= Town Agota, District Bulandshahr =

Agauta or Agota is a town and a Gram panchayat in Bulandshahr district in the state of Uttar Pradesh, India. This town is 300 years old and was once a Rajya Sabha Seat.

It belongs to Meerut Division. It is located 18 km towards north from district headquarters Bulandshahr. 11 km from Gulaothi. 416 km from state capital Lucknow. Agauta is famous for the Agauta Sugar & Chemicals.

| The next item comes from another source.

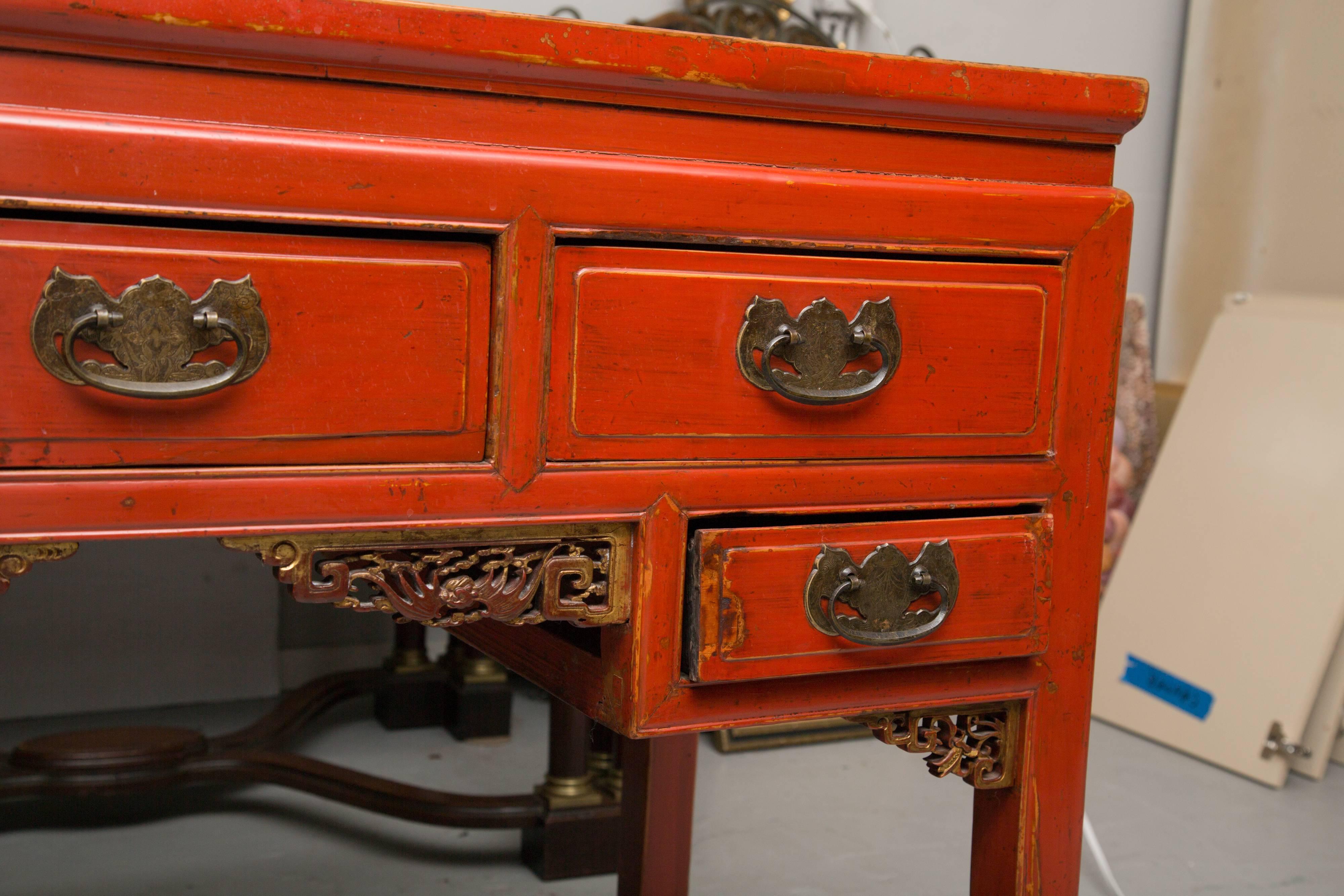 Red-Painted Chinese Console Table 1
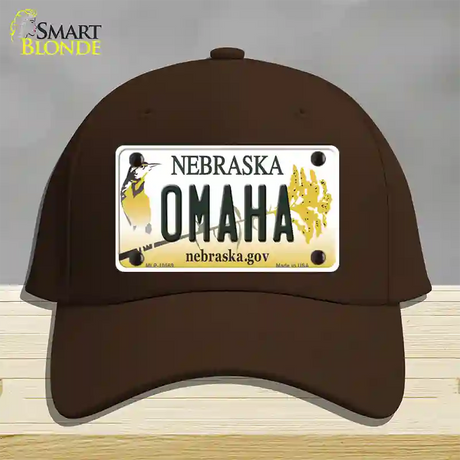 Omaha Nebraska Novelty License Plate Hat Cotton / Dark Brown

Agota's PIN code is 245411, and its postal head office is located in Gulaothi (Bulandshahr). Agota is known for its calm and peaceful environment, making it a comfortable place to live. The town is welcoming to newcomers, including those interested in investing in land or establishing factories. Residents are supportive of one another, contributing to a strong sense of community. Agota is generally regarded as a safe area with very low reported crime.

Kisoli (2 km), Nimchana (2 km), Pavsara (3 km), Bubupur (3 km), Bagwala (3 km) are the nearby villages to Agota. Agota is surrounded by Gulaothi Tehsil towards the west, Bhawan Bahadur Nagar towards the north, Bulandshahr Tehsil towards the south, and Syana Tehsil towards the east.